● Work instructions
Repeat, exactly and alone, every line from the line that contains "Avoir un chien" to the end of the entries.

__________

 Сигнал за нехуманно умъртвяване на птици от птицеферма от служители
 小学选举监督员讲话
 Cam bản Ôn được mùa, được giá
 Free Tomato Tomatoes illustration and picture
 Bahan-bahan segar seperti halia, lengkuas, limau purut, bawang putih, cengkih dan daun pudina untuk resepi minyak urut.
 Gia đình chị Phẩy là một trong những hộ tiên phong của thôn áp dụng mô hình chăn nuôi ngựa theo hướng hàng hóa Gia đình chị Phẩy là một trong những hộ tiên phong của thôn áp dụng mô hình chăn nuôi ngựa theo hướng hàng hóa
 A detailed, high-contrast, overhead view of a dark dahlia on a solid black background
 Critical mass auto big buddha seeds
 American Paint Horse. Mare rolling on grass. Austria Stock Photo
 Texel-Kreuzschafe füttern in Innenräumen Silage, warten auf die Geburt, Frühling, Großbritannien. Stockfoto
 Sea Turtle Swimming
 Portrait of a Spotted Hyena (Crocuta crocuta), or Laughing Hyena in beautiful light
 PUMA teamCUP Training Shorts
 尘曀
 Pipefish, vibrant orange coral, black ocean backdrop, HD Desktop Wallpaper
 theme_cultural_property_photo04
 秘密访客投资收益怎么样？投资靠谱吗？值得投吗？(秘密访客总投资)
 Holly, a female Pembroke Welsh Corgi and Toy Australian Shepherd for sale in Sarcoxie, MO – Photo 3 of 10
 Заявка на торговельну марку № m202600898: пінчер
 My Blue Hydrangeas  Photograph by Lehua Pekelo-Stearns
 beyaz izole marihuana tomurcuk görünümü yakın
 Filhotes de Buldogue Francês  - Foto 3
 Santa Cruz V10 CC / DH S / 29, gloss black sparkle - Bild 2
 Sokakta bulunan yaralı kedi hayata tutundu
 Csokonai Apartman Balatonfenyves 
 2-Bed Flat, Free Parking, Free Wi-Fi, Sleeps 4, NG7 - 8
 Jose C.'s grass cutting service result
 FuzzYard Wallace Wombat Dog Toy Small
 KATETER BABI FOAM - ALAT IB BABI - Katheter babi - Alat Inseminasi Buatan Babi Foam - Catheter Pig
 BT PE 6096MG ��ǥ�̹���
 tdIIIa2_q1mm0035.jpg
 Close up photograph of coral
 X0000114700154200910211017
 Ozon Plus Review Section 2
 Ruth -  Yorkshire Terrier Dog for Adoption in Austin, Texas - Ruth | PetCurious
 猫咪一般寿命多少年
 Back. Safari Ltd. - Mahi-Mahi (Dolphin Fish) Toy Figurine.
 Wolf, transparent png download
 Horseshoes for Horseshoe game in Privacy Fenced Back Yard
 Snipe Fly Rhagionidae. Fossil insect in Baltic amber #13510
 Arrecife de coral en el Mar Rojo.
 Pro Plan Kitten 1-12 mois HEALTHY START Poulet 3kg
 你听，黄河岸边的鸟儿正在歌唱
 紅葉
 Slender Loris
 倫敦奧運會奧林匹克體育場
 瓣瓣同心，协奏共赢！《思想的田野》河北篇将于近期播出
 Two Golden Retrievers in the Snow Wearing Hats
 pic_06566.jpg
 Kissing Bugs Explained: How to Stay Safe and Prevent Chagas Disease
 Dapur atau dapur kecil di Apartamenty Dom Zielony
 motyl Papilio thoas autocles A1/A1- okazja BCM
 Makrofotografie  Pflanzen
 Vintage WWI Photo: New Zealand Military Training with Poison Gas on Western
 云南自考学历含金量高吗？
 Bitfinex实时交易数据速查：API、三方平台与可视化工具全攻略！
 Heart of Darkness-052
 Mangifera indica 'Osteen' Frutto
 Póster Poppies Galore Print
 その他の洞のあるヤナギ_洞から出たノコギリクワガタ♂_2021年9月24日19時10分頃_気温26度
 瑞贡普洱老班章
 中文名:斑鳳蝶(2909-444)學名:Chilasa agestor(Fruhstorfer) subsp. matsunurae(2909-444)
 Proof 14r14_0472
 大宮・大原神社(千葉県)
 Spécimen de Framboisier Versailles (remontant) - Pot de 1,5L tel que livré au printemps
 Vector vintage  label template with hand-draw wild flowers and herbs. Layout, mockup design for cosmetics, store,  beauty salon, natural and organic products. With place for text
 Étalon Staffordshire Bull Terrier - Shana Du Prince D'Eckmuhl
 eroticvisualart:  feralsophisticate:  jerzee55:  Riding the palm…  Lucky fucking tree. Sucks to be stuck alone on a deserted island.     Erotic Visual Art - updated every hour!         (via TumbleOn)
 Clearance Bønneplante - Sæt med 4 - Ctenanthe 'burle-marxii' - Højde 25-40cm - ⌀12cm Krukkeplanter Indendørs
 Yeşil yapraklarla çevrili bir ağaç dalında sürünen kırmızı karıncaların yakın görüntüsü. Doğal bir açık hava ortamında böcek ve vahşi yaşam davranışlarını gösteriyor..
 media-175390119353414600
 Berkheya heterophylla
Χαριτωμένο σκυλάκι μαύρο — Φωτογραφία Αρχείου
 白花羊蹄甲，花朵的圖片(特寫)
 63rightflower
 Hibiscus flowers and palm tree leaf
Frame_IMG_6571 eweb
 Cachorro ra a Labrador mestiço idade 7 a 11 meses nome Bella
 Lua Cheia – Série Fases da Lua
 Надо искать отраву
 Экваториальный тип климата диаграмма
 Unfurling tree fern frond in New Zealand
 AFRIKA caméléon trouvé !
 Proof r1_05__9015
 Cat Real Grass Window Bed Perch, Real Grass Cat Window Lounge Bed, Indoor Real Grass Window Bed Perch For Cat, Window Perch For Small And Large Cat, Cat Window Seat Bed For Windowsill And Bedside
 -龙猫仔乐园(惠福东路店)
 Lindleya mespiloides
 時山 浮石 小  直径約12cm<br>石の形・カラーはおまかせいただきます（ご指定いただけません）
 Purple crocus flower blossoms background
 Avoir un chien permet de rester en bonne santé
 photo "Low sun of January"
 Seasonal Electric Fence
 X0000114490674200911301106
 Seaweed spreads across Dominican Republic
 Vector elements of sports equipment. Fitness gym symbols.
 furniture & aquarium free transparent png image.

__________

● Answer box
 Avoir un chien permet de rester en bonne santé
 photo "Low sun of January"
 Seasonal Electric Fence
 X0000114490674200911301106
 Seaweed spreads across Dominican Republic
 Vector elements of sports equipment. Fitness gym symbols.
 furniture & aquarium free transparent png image.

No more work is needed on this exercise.